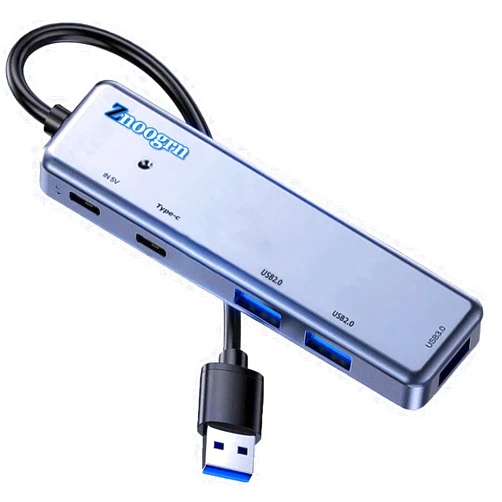 Znoogrn 5 in 1 USB 3.0 Hub, USB Extender with USB C Data Port, 5 Ports USB Hub for Laptop, PC, Flash Drive, Mobile HDD, Xbox, Dell XPS, HP, etc Devices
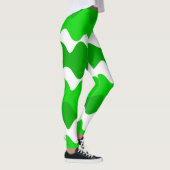 Groen en wit horizontaal golvenpatroon leggings (Rechts)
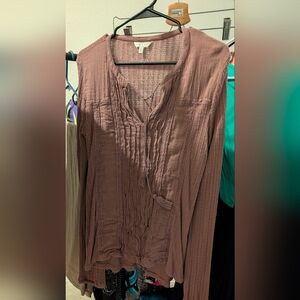 Women's Mauve dusty Rose Pink Tan Brown- Ish Long Sleeve Top, Lucky Brand Size M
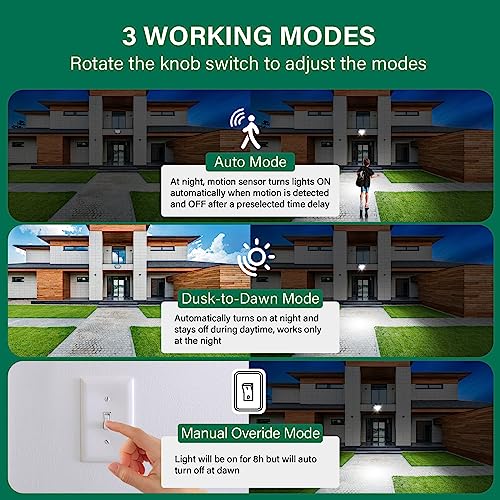 TREEWELL 240-Degree Replacement Motion Detector, Adjustable Time & Detection Sensitiity Up to 60 Feet Range, 3 Working Modes Pir Motion Sensor for Security Floodlight, Brown, UL Listed - Image 2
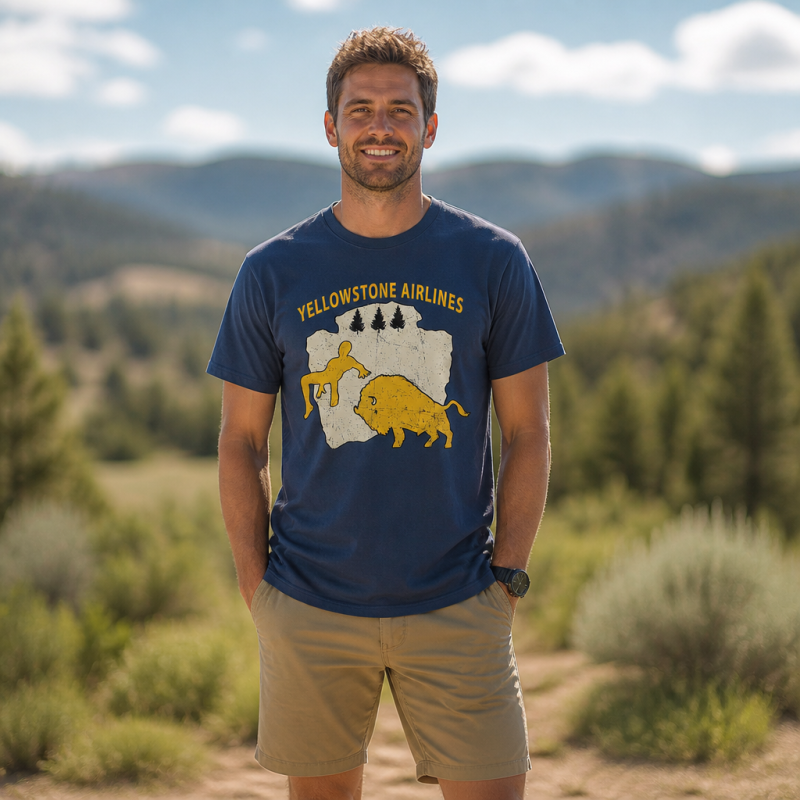 Yellowstone Airlines Bison Toss T-Shirt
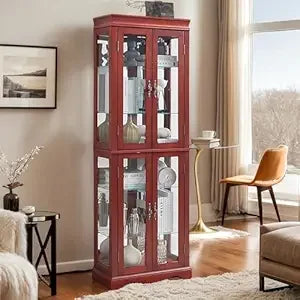 Lighted Glass Display Cabinet, 70" Curio Cabinet with Adjustable Glass Shelves Vintage,China Cabinet with 6 Shelves for Living R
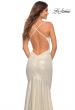 Picture of: Metallic Jersey Gown with Stunning Open Back in White Gold, Detail Picture 5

(WHAT YOU NEED TO DO): Transcribe the listing in full. Omit the pictures and keep every line exact.

(TASK RESULT):
 Znoogrn 5 in 1 USB 3.0 Hub, USB Extender with USB C Data Port, 5 Ports USB Hub for Laptop, PC, Flash Drive, Mobile HDD, Xbox, Dell XPS, HP, etc Devices
 Groen en wit horizontaal golvenpatroon leggings (Rechts)
 Women's Mauve dusty Rose Pink Tan Brown- Ish Long Sleeve Top, Lucky Brand Size M
 TREEWELL 240-Degree Replacement Motion Detector, Adjustable Time & Detection Sensitiity Up to 60 Feet Range, 3 Working Modes Pir Motion Sensor for Security Floodlight, Brown, UL Listed - Image 2
 Yellowstone Airlines Bison Toss T-Shirt
 Lighted Glass Display Cabinet, 70" Curio Cabinet with Adjustable Glass Shelves Vintage,China Cabinet with 6 Shelves for Living R
 Picture of: Metallic Jersey Gown with Stunning Open Back in White Gold, Detail Picture 5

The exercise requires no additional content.